I suppose, in the grand scheme of things, that it doesn't really matter whether or not there was a place with the views I described in the book that could be where Sun Mountain Ranch Camp for Boys was located. (By the way, for the last ten years the name of the camp was Sandia Ranch. Then I remembered as I drove up Interstate 25 that -- duh -- the Sandias overlook Albuquerque, not Santa Fe. Thank Dog for the "Find and Replace" feature in Word.) But I had this urge to find out, and after taking a breathtaking drive up to the overlook below the Santa Fe Ski Basin where I'd worked as a liftie in 1978, my uncle took me south of town down Old Santa Fe Trail, past Museum Hill, past the Carmelite convent, past the John Gaw Meem hacienda, and then,
[a]fter a half-hour of twisting and bumpy roads, over narrow culverts crossing dry arroyos, past stark rock outcroppings hiding the last vestiges of snow under their shadows, Bobby saw the telltale red shingled roofs of Sun Mountain Ranch poking through the ponderosa pines.It wasn't exactly like that; the road I was describing was more like the road up to the ski basin, and the trees along the dusty road up into the mountains were piñons and junipers, not ponderosas, but the view from the top was exactly as I remembered it from back in 1978, and the sky was just as impossibly blue and clear. I could see Bobby there. I could hear the wind in the trees and smell the dust as he came down the trail from his cabin, past the lodge and to the overlook that formed the chapel. It was right.
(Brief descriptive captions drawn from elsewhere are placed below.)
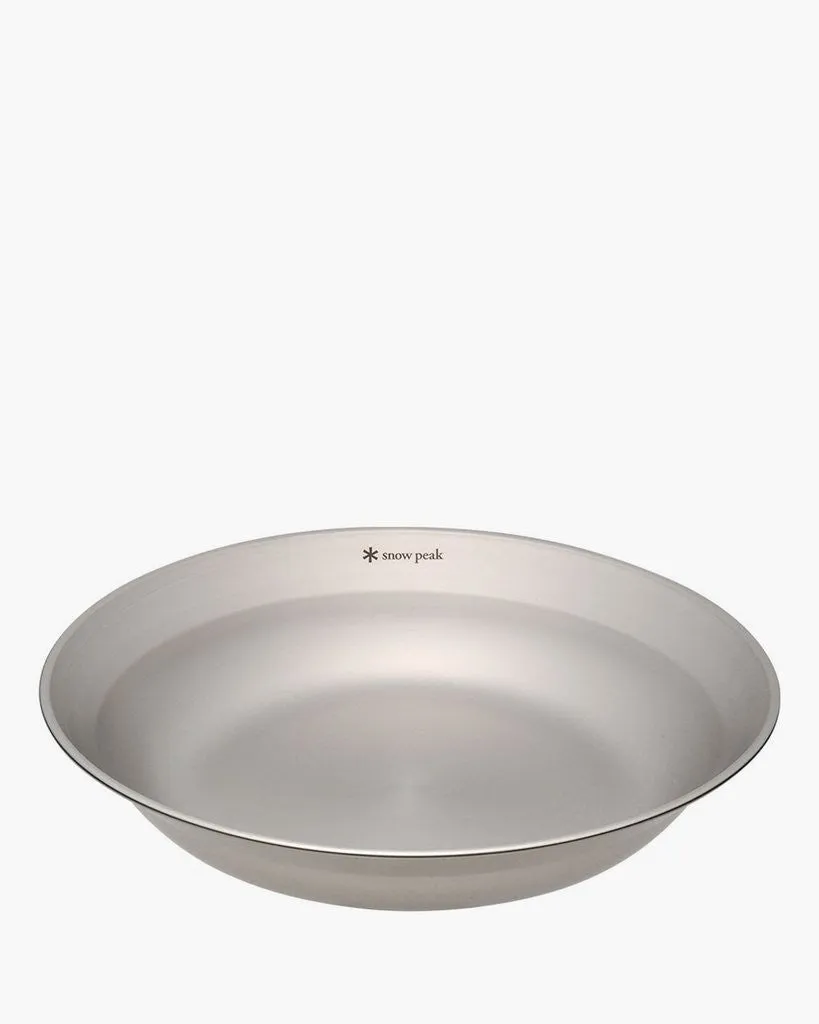 Snowpeak Tableware dish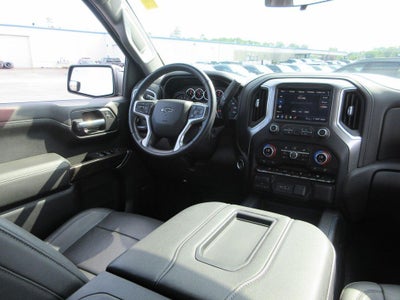 2021 Chevrolet Silverado 1500 RST Texas Edition Plus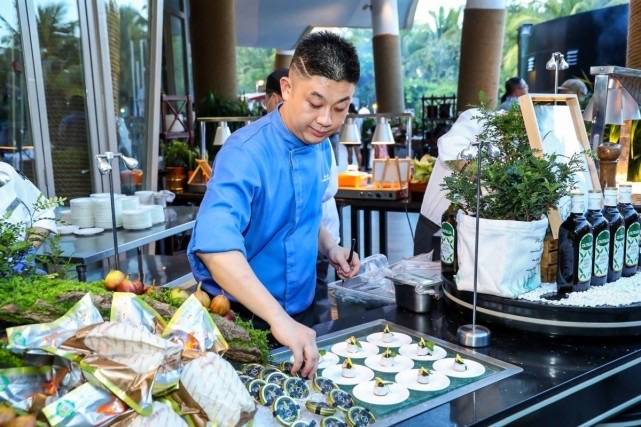 万豪国际集团飨遇豪厨活动再度启航以匠心带领飨客开启食光之旅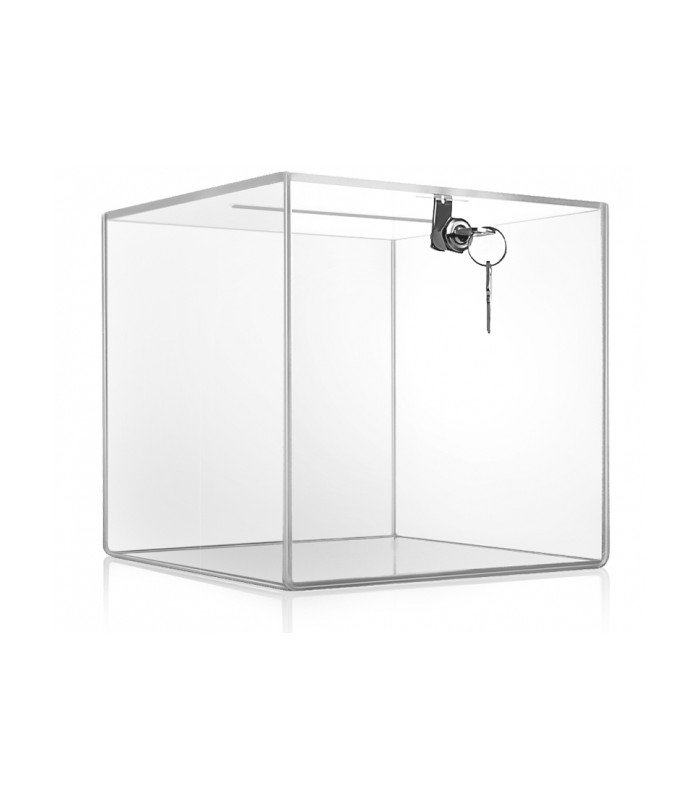 location urne en plexi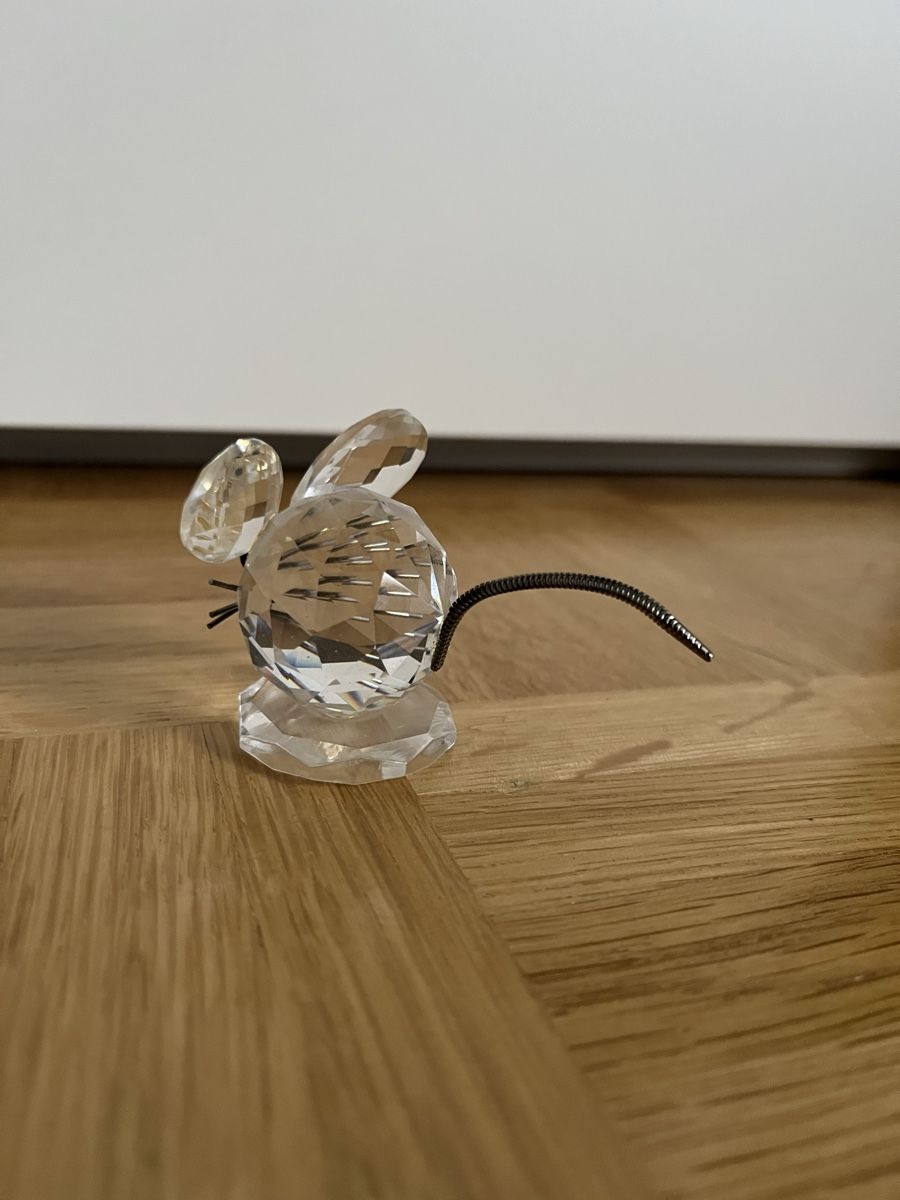 Swarovski Figuren: Original Swarovski Maus – Gebraucht aus Kilchberg ZH von celinaemi 2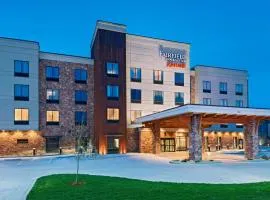 Fairfield Inn & Suites by Marriott Cheyenne Southwest/Downtown Area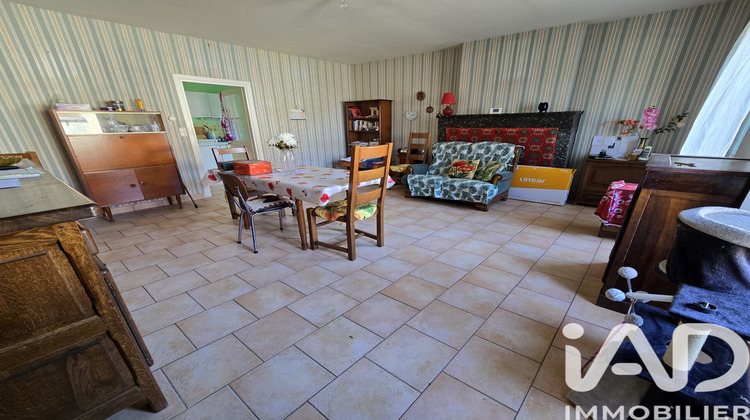 Ma-Cabane - Vente Maison Argy, 90 m²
In one of those little karmic coincidences that makes you believe there is more to life than just matter and energy, as I drove back to Albuquerque that afternoon the radio played Desperado by The Eagles. It is one of the anthems at Sun Mountain in the summer of 1979, and Bobby can't get through it without remembering those days at camp. Neither can I; it's right up there with Nether Lands.
I love how things like that work out.